In order to keep the entire example simple and self-contained, this tutorial uses input data from the Yahoo! Index. Most real custom data services of this type will rely on input parameters from outside the Yahoo! Index.

  1. From the main SearchMonkey Applications screen, click Create a new data service. SearchMonkey displays “Step 1: Basic Info”.

  2. Enter a Name: "Test Site Explorer Data Service"

  3. For Type, click Web Service.

  4. Enter a Description: "A test data service for Yahoo! Search's Site Explorer. Passes in the search result's URL and retrieves related URLs from Site Explorer's 'pageData' web service."

    Even if you don't plan to share your data service, the description is still useful for private development. This is particularly true if you end up creating several applications that have similar functionality. The description should not only indicate which web service the data service calls, but what kinds of data it provides.

  5. Read the Terms of Service if you have not done so already. Select the Terms of Service checkbox.

  6. Click Next Step. SearchMonkey saves your changes and displays “Step 2: Inputs”.

  7. Leave the Parent Adjunct as "yahoo:index" and the Parent Item (rel) as "<root>". Specify a single Meta (property) of "dc:identifier".

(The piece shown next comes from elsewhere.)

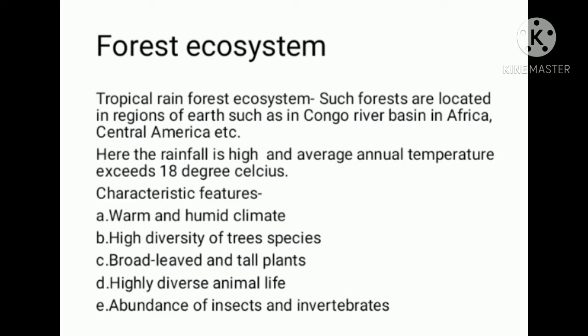Here, the rainfall is high and the average annual temperature exceeds 18 degrees Celsius. The climate is warm and humid.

    These settings specify the root-level dc:identifier in the Yahoo! Index. This dc:identifier is the URL of the search result, such as http://www.hp.com. Since Site Explorer provides a web service that returns information about URLs, this dc:identifier should serve as a fine input parameter for our example data service.

  8. Click Next Step. SearchMonkey saves your changes and displays “Step 3: Test Data”.

  9. Specify three test parameters. These values are hardcoded URLs for testing the Yahoo! Site Explorer web service.

    • http://www.ibm.com

    • http://www.apple.com

    • http://www.hp.com

  10. Click Next Step. SearchMonkey saves your changes and displays “Step 4: Endpoint”.

    [Note] Note

    If there are any problems with the extraction code, the Preview Pane displays a bulleted list of warnings and errors.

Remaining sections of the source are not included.